Encerrar balcões e despedir trabalhadores é uma forma de garantir mais negócio a outros bancos privados e é uma forma de os financiar indiretamente”, sublinhou o deputado comunista Miguel Tiago.
Ou seja, nem despedimentos nem fecho de balcões. Isso é ponto assente à esquerda. Para o secretário de Estado do Tesouro e das Finanças, o plano acordado para o banco público não vai ser só exigente para os trabalhadores mas também para os acionistas, que são os contribuintes. “Os verdadeiros acionistas da Caixa são os contribuintes portugueses, serão eles que, através do seu trabalho, investirão na Caixa até 2.700 milhões de euros”, disse, garantindo de seguida que serão ressarcidos por esse investimento.
“O Governo e a nova administração da CGD comprometem-se a implementar um plano de negócio que permitirá devolver aos acionistas no futuro mais do que aquilo que agora investirão”, disse, não especificando números.

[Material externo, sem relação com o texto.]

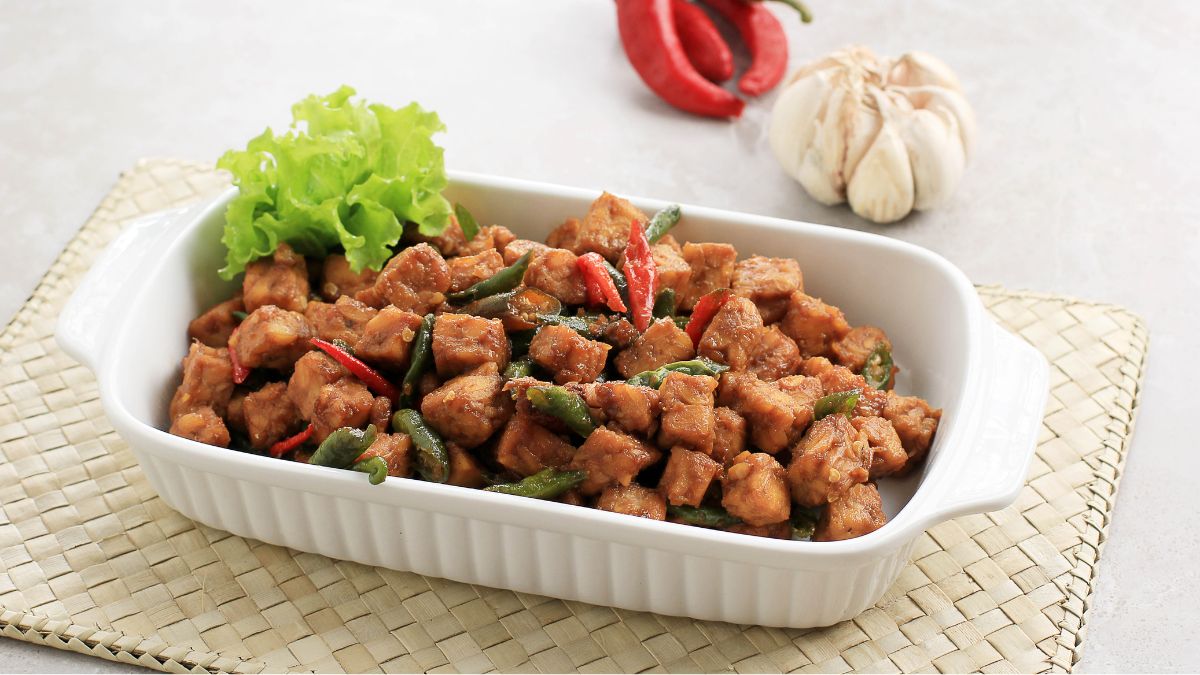 Honey Garlic Sauce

Críticas ao Governo de Passos e ao Banco de Portugal
Antes, contudo, ainda houve tempo para o atual governante apontar o dedo ao anterior executivo PSD/CDS, com Mourinho Félix a acusar o anterior Governo de ter “mascarado” os problemas do setor financeiro, com a complacência do Banco de Portugal e das instituições internacionais. “Uma recessão tão profunda deixou marcas no sistema financeiro. Marcas tanto maiores quanto os problemas do sistema financeiro, que foram mascarados pelo anterior executivo, com a complacência do supervisor e das instituições internacionais”, disse, sublinhando o papel que a Caixa teve no período de “recessão” que Portugal viveu nos últimos anos.

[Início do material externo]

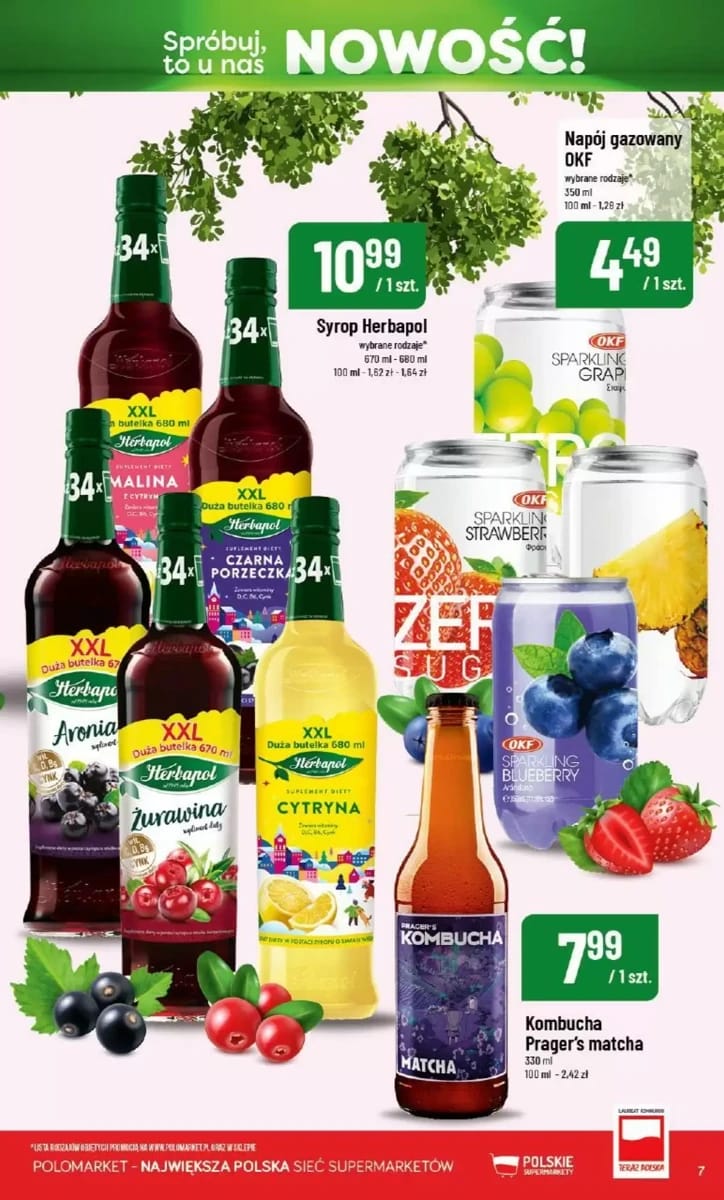 Gazetka PoloMarket, strona 7 z 12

Segundo o secretário de Estado, “nesse período, a Caixa foi o banco de refúgio das poupanças de muitos portugueses e evitou a que se assistisse a uma fuga de depósitos”. Agora, para o governante, o acordo alcançado vai permitir à Caixa “lidar com os ativos improdutivos e assegurar uma adequada cobertura de imparidades”, bem como “orientar a concessão de crédito para os melhores projetos empresariais que criam valor e emprego”, e ainda “criar valor para o acionista”. O objetivo é que o banco estatal seja “autossustentável, como foi no passado”, disse.

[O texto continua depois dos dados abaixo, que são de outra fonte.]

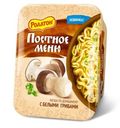 Лапша Роллтон Постное меню с белыми грибами 90г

Numa crítica à postura do PSD e CDS, também o deputado socialista Carlos Pereira, acusou os partidos da direita de terem um “desejo oculto” de que o executivo de António Costa perca a batalha com Bruxelas relativamente à reestruturação da Caixa Geral de Depósitos. “Há um desejo oculto e uma vontade mal escondida para que o Governo português perca uma batalha com Bruxelas”, disse o deputado.